We simulated the three aforementioned scenarios droplet coalescence, exploding liquid and spinodal decomposition with this simulation technology on two platforms. Due to the HLRS machine HAWK getting set up in 2019, we first established and tuned simulations on SuperMUC-NG at LRZ during that time. Figure 5 shows the scalability for the exploding liquid on both machines.

Fig. 5
figure 5

Scalability of the scenario exploding liquid on two platforms SuperMUC-NG and HAWK. –ALL: ALL-based diffusive load balancing; –sdd: standard domain decomposition; –noAP-sdd: standard domain decomposition with ls1 mardyn  kernels instead of using AutoPas; –noAP-kdd: kd-tree decomposition with ls1 mardyn  kernels instead of using AutoPas

We can first observe that, expectedly, the per-node performance on HAWK is significantly better than on SuperMUC-NG in terms of simulated time steps per second. The ALL-based load balancing with auto-tuning via AutoPas  exhibits best performance on SuperMUC-NG compared to the other configurations. This approach also scales well up to 8 nodes on HAWK. For larger node counts, however, the curve currently flattens. Reasons for this lie in one node featuring 8 NUMA domains; since we use one MPI process per NUMA domain, this yields significantly more MPI processes on HAWK compared to SuperMUC-NG. Besides, logging was not deactivated for AutoPas  on both machines, which impedes performance even more on HAWK, again, due to the increased number of MPI processes.
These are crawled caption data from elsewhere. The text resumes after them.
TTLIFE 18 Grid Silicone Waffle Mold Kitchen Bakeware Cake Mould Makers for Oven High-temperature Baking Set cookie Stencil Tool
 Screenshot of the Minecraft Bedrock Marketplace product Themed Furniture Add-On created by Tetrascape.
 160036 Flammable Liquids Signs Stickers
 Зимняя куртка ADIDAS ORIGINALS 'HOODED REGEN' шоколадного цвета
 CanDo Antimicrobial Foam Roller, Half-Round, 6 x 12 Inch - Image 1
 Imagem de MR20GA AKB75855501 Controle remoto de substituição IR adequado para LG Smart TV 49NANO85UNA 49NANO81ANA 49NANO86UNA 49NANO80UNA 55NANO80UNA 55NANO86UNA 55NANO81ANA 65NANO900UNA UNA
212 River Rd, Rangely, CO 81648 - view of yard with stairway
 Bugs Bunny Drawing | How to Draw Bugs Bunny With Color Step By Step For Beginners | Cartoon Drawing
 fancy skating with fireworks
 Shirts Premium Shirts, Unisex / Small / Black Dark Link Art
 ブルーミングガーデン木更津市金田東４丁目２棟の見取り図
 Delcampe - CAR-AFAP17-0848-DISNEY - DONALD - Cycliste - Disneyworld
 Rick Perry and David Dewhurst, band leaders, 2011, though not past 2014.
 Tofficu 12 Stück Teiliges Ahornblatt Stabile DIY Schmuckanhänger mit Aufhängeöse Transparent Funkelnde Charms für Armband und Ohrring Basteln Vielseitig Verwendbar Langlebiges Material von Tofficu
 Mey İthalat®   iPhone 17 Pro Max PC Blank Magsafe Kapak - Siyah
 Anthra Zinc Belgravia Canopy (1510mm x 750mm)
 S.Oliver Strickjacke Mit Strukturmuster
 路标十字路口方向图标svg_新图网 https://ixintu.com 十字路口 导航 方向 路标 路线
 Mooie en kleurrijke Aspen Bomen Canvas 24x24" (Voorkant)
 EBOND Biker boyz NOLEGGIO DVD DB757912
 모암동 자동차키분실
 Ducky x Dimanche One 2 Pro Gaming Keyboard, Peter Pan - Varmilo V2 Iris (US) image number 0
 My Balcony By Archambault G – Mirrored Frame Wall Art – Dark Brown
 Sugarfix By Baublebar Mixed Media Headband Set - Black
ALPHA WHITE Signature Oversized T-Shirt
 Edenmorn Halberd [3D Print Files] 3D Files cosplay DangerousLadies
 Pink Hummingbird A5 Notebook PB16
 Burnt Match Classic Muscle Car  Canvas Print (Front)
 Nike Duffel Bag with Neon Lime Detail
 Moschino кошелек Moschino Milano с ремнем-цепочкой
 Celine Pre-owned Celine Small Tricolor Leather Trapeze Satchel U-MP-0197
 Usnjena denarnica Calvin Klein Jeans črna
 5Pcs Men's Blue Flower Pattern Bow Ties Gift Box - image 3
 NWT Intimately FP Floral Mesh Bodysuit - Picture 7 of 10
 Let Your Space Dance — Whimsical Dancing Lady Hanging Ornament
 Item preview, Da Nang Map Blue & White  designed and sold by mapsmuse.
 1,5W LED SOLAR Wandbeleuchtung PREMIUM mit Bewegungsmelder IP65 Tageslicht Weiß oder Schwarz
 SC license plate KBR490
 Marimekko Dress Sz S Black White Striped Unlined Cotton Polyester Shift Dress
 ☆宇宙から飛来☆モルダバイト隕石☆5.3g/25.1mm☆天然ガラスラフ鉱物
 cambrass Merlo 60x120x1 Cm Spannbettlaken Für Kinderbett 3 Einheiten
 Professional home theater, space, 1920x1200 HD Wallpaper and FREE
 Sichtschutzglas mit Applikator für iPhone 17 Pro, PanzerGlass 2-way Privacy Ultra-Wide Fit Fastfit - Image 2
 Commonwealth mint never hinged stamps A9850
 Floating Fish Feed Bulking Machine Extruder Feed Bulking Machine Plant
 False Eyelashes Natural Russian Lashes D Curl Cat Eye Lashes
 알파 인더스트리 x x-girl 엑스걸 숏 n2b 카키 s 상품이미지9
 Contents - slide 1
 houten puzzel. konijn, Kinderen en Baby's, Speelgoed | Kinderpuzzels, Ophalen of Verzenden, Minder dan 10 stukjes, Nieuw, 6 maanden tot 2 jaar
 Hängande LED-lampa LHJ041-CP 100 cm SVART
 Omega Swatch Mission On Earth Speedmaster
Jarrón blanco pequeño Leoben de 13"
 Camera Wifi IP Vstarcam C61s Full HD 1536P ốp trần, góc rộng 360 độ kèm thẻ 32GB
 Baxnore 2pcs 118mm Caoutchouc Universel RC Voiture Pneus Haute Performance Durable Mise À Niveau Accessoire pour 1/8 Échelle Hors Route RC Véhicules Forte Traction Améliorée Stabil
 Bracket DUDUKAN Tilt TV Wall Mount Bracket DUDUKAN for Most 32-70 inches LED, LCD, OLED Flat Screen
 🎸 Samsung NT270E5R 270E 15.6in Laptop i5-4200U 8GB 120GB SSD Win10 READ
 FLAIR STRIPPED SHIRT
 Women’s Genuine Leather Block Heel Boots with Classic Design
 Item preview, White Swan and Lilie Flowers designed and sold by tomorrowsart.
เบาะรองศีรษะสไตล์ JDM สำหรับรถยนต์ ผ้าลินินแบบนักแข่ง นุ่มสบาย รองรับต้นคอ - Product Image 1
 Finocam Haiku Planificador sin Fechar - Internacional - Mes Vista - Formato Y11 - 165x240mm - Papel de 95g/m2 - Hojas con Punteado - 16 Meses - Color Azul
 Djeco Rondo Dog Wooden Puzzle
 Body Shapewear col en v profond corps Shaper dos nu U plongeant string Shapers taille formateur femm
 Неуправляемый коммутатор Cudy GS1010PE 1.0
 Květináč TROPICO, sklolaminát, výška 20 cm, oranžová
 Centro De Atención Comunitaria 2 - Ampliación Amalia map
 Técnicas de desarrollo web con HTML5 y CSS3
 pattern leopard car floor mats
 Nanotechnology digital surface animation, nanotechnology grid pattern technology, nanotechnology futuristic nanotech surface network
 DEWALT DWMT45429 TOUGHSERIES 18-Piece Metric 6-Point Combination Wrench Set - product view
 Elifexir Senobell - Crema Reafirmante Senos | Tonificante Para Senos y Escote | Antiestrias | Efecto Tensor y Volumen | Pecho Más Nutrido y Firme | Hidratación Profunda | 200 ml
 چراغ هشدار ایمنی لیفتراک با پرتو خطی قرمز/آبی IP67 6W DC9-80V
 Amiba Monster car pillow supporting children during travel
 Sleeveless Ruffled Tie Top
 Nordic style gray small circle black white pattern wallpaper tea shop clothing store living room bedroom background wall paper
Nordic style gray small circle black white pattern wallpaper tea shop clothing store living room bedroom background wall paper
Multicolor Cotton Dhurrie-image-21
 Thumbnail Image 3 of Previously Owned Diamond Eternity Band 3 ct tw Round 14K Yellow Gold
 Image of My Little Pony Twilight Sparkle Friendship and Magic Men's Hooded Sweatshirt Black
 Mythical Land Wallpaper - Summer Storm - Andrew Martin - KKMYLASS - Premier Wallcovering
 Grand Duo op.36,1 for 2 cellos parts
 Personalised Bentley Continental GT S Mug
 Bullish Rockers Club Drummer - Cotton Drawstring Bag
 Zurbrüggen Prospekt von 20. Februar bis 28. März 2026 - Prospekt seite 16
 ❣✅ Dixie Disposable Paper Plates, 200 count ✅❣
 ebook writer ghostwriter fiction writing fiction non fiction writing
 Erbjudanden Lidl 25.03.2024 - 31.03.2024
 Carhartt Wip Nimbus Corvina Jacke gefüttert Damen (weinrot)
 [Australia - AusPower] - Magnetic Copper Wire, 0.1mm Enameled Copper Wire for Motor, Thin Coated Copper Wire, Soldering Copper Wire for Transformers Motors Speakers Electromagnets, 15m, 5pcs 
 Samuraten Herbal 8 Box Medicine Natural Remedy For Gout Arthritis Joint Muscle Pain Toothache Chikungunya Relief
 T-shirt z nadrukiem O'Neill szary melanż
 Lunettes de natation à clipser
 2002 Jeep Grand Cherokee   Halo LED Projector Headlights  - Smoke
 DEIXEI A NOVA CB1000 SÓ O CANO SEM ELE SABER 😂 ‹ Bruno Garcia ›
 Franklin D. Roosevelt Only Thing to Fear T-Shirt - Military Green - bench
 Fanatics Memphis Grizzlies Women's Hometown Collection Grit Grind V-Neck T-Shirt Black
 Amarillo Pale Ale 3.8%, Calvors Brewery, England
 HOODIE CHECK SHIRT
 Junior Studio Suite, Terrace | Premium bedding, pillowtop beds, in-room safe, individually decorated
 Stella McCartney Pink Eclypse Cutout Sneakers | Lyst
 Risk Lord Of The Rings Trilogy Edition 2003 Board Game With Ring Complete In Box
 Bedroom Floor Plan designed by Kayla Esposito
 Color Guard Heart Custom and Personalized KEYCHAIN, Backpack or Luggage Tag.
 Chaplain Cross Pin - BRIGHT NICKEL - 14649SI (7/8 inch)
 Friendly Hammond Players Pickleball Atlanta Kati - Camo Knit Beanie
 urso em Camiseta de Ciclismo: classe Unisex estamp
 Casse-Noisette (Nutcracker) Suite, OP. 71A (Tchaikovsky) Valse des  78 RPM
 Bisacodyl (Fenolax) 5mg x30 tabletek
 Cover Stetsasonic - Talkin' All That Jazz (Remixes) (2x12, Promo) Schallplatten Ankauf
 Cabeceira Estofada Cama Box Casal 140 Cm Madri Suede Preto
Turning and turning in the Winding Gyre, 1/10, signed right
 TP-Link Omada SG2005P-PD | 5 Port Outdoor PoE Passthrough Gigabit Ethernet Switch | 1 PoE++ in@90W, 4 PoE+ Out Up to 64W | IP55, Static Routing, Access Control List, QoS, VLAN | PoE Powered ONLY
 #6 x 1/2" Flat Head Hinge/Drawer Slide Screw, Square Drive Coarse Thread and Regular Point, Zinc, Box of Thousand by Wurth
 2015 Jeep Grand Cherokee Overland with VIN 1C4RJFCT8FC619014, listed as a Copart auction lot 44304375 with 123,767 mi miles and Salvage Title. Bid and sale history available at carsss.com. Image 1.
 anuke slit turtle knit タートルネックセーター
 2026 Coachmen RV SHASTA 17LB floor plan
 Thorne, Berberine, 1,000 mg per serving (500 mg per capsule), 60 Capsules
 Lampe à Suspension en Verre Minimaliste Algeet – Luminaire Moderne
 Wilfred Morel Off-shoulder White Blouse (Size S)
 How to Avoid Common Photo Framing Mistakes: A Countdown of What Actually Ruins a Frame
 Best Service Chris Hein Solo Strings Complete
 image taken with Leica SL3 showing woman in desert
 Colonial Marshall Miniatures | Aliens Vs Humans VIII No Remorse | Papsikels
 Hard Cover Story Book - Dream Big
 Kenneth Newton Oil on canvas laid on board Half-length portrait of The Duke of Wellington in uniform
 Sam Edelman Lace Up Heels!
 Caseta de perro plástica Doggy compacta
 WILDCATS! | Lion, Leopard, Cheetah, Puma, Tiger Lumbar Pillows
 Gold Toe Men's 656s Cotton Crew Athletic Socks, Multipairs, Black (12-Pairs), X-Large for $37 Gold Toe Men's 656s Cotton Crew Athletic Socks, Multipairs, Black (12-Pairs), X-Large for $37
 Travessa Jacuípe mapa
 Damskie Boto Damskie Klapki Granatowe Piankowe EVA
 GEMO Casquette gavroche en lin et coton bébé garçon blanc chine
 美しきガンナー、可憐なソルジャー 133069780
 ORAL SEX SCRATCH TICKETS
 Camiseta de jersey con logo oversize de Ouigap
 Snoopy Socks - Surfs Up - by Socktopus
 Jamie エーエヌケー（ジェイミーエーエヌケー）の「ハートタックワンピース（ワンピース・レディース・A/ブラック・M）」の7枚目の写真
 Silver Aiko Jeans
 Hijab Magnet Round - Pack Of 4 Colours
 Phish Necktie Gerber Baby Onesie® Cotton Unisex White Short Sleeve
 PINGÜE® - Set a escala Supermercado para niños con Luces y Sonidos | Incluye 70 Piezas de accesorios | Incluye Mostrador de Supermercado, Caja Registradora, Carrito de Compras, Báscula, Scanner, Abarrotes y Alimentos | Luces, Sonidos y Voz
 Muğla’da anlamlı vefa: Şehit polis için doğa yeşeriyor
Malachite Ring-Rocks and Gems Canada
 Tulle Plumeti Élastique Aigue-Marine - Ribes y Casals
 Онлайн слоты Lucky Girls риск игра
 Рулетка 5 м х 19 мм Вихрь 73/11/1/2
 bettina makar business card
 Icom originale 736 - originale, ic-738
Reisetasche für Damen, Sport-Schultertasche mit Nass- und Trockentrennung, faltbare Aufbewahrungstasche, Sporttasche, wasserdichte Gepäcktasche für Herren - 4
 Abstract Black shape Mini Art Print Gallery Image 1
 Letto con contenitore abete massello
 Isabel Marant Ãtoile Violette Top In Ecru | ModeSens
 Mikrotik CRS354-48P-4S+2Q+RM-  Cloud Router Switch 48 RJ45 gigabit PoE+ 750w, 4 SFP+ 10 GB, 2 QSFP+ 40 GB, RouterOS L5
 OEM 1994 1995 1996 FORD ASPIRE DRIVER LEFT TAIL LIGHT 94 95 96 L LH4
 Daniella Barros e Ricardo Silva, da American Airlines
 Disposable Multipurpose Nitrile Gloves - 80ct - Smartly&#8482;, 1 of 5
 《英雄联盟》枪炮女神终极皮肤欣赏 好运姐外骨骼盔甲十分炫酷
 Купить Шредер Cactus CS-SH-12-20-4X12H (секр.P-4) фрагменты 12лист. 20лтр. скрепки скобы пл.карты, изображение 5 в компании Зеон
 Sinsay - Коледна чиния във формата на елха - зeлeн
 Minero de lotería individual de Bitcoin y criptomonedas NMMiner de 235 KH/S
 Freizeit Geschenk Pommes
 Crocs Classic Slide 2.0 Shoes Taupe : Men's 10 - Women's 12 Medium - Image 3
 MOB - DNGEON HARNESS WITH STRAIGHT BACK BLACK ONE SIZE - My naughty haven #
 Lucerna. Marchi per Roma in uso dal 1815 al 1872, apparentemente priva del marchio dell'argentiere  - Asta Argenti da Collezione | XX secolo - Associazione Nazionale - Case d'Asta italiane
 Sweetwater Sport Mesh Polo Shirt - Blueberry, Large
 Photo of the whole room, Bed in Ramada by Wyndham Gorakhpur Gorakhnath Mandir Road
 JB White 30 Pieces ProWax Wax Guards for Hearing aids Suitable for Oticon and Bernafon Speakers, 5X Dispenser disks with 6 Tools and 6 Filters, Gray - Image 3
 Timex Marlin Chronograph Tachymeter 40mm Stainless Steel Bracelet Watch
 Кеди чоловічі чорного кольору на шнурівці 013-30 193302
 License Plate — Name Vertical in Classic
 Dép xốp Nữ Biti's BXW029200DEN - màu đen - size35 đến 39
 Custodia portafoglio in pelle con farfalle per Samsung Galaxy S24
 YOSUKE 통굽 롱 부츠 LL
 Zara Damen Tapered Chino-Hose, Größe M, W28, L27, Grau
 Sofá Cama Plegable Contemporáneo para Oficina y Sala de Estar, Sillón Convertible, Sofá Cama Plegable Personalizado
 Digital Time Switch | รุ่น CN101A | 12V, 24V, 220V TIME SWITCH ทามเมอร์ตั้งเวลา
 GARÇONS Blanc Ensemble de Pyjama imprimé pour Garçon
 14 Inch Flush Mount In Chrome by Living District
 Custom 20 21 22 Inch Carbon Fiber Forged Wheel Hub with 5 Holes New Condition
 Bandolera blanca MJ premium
More detailed analysis and performance tuning on HAWK is subject to the current investigation.

4 Summary and Outlook

We presented recent advances in our particle simulation software ls1 mardyn. Automated algorithm selection has been enabled in ls1 mardyn  via the library AutoPas, yielding optimal node-level performance. We further improved parallel performance by incorporating diffusive balancing. The node-level throughput on HAWK suggests very high performance for the three scenarios that we discussed in the future. However, performance gains in the multi-node case are currently not optimal on HAWK, due to the recent porting of our software to this architecture. This requires further performance analysis and more tuning of the number of MPI processes and OpenMP threads per node. Current and future work further focus on techniques to improve auto-tuning in AutoPas: testing all combinations of algorithms is tedious and requires many time steps. Therefore, Bayesian and other data analysis methods are being evaluated in this scope.